West, who’s wearing a fully deployed yellow hoodie beneath the same white sweatshirt is sans family. His wife Kim Kardashian, who usually attends and videotapes the service, is presenting at the Emmy Awards that night, and his four children are nowhere to be seen. He looks up at White and the service, which was well-advertised locally, begins. As the September sun shines magnificently and a stiff wind blows cottony clouds across the mountainous horizon, the choir director declares, “This is the day the Lord has made. We shall be glad and rejoice in it.”
“I just saw Kanye West!” shouts a porcelain-skinned young teen. Her Rocky Mountain dialect and the cowboy hat she holds suggest that she’s a local. Modestly dressed in church garb, a silver cross dangling from her thin neck, she takes off her sunglasses for an unadulterated view of the hip-hop star, then says to a friend beside her: “I have no idea who he is!”
The choir, which had been flown in from California earlier that morning, opens with “Ultralight Beam,” from 2016’s The Life of Pablo album. West raps briefly, then dissolves into nervous laughter and smiles. It is his only participation in the service besides banging on the drums and keyboard during the choir’s performance. Although the set is laced with traditional gospel numbers, rock and pop reign, including reworked covers of No Doubt’s “Don’t Speak,” Tears for Fears’ “Shout,” Nirvana’s “Come as You Are” and “Smells Like Teen Spirit.”
An hour later, while the choir continues singing, West unceremoniously heads toward a black 2019 Ford F-150. The dense crowd parts like the Red Sea as he as he walks to the vehicle. Once behind the steering wheel, he drives slowly as he exits the grounds (where a museum dedicated to another showman, William F. “Buffalo Bill” Cody is located) so as not to run over the worshippers who have followed him. A boy in his mid-teens approaches the truck offering a handwritten note. West rolls down his window to accept it. “Thank you,” he says, before stowing it in the truck’s center console and quickly rolling up the window.
Another boy watching West’s pick-up recede looks up at his mother. “Where did Kanye go?” he asks. “Heaven,” she replies. “Or that really expensive ranch he bought.”
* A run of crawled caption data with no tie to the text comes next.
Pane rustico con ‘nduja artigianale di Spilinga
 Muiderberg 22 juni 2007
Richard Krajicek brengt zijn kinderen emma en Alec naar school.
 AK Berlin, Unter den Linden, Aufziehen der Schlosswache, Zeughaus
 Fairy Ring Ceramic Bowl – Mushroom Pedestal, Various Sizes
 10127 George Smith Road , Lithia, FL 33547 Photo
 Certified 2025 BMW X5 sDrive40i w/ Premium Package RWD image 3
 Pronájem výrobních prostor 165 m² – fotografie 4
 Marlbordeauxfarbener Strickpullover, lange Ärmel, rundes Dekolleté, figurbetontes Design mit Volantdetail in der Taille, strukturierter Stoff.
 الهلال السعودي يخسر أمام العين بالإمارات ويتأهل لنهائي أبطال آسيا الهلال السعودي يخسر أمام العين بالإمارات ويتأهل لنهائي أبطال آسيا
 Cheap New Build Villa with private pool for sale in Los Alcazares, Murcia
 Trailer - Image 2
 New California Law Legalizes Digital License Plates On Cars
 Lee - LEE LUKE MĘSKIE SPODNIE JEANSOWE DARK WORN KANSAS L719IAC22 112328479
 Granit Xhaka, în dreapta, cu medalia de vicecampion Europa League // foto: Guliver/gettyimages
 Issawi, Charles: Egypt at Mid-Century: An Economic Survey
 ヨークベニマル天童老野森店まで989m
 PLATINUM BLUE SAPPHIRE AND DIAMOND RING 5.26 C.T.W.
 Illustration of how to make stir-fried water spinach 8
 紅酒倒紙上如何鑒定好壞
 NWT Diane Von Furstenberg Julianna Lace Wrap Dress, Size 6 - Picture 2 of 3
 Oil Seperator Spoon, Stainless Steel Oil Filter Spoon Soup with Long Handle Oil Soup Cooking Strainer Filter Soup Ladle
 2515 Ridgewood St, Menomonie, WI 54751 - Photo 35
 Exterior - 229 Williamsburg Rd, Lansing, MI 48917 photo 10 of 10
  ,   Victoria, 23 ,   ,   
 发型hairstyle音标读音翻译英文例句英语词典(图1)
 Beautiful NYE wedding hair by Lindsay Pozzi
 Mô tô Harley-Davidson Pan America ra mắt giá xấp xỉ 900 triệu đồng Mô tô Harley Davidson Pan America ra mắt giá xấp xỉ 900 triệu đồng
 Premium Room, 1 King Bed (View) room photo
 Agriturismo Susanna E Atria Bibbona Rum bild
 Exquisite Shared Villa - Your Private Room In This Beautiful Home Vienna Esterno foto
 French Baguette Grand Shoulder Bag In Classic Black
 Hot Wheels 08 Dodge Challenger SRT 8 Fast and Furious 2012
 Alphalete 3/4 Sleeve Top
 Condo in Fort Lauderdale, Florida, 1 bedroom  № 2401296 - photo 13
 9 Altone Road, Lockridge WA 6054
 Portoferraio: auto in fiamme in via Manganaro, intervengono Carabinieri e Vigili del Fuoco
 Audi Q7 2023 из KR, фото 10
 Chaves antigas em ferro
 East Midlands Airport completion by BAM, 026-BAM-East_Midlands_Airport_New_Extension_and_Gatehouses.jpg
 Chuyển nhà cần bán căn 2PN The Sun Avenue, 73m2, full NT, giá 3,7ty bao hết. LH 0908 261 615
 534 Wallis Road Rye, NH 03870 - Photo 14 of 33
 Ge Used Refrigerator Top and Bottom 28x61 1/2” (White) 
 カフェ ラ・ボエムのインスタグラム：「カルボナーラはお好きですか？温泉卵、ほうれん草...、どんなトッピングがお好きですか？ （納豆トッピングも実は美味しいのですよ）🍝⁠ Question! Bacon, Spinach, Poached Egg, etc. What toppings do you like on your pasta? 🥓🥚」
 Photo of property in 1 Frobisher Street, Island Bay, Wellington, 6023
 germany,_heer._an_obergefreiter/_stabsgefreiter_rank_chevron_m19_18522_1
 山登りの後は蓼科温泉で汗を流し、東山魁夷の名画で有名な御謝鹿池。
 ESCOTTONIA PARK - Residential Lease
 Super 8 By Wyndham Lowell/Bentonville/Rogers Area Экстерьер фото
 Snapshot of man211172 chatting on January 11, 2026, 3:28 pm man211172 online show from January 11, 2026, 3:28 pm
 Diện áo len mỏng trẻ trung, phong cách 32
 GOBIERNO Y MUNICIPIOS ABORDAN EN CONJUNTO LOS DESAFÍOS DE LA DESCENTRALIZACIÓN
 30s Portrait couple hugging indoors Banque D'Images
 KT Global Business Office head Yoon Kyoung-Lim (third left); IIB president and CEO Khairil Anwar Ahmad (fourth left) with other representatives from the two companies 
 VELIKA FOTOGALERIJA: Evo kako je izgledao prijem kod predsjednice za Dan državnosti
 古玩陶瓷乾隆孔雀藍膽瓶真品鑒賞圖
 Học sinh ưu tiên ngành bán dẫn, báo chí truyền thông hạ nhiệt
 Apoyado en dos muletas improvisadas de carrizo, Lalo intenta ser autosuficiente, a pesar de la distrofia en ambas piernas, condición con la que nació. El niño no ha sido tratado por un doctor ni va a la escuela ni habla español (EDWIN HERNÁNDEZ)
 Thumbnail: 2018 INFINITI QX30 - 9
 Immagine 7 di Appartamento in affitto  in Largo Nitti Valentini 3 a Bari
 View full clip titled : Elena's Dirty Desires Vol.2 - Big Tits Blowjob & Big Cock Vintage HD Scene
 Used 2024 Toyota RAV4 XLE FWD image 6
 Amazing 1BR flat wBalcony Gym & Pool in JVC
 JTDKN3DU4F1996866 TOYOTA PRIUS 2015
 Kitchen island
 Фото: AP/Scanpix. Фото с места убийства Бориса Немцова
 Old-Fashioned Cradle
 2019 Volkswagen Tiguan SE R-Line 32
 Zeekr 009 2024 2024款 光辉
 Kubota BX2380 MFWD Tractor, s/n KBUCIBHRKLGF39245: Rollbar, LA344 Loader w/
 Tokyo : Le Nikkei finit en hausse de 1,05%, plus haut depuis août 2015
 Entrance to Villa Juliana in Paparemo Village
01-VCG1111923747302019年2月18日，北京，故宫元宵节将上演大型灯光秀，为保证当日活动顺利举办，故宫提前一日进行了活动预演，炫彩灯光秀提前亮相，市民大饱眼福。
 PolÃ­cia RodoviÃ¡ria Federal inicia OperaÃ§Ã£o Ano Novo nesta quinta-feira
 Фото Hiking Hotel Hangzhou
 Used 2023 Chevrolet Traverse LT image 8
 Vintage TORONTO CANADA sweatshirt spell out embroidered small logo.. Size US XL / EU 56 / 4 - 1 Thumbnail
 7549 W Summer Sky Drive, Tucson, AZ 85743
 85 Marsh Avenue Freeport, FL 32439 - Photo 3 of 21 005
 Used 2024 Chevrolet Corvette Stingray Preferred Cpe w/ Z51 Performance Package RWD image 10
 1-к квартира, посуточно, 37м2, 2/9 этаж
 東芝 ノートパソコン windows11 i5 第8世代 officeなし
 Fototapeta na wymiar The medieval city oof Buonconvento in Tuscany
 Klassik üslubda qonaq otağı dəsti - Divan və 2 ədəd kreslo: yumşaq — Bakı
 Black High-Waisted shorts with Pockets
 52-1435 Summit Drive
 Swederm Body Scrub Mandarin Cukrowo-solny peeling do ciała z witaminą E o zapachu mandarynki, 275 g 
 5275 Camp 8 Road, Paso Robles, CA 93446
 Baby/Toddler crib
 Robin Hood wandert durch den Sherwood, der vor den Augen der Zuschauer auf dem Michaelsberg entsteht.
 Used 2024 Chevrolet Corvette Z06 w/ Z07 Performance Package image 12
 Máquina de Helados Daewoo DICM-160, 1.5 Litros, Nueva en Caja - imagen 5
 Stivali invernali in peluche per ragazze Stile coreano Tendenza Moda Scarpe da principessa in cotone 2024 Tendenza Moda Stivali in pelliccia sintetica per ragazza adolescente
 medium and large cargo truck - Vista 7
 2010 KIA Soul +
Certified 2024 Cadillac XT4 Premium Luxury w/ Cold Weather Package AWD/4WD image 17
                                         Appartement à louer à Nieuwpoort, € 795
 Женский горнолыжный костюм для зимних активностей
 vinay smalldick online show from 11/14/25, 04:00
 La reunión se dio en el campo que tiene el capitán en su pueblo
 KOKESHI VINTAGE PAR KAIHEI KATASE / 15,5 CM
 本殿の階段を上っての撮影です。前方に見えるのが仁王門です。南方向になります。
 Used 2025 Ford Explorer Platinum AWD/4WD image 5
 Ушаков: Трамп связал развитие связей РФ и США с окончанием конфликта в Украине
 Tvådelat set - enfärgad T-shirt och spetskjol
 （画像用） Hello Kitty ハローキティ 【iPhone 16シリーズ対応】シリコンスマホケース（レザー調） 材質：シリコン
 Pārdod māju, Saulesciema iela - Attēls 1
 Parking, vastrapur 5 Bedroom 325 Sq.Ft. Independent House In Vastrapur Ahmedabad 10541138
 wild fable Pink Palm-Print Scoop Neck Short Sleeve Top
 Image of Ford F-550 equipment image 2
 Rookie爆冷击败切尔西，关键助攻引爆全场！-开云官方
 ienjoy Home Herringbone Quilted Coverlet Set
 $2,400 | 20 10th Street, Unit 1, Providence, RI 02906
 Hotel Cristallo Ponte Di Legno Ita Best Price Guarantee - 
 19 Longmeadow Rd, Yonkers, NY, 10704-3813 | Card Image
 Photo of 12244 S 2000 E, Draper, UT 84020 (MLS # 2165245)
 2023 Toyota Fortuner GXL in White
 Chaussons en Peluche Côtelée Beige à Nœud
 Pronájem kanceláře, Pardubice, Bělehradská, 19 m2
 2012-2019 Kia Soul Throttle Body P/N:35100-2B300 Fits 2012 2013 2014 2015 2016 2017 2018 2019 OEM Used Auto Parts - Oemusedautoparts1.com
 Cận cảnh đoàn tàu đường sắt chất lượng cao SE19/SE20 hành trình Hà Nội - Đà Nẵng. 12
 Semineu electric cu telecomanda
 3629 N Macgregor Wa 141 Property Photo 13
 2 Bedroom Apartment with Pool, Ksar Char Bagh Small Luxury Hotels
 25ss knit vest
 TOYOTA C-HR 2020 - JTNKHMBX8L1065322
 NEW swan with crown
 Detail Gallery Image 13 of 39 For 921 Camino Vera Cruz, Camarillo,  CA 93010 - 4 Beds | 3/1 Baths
The question of where Kanye West is going — as an artist, a public figure and a bankable performer — is one that his fans, followers and many in the music industry would like answered as well. On Oct. 25, a little more than a month after his Sept. 22 appearance in Cody, West released his ninth album, Jesus Is King, a gospel and hip-hop concoction that, save for a Kenny G cameo, sounds like an outgrowth of the Sunday Services he has been conducting in various locations around the country this year. (An eponymous making-of documentary opened in IMAX theaters that same day.)
Previewed in different iterations since late September, the digital-only album has been greeted with more than the usual media fanfare because, in addition to his embrace of Christianity, the record comes in the wake of West’s admitted struggles with bipolar disorder, his controversial statement that 400 years of slavery was “a choice,” his vocal support of President Donald Trump, and his purchase of a $14-million 4,500-acre property just outside of Cody, that he has christened West Lake, just 13 miles from the Robbie Powwow Garden.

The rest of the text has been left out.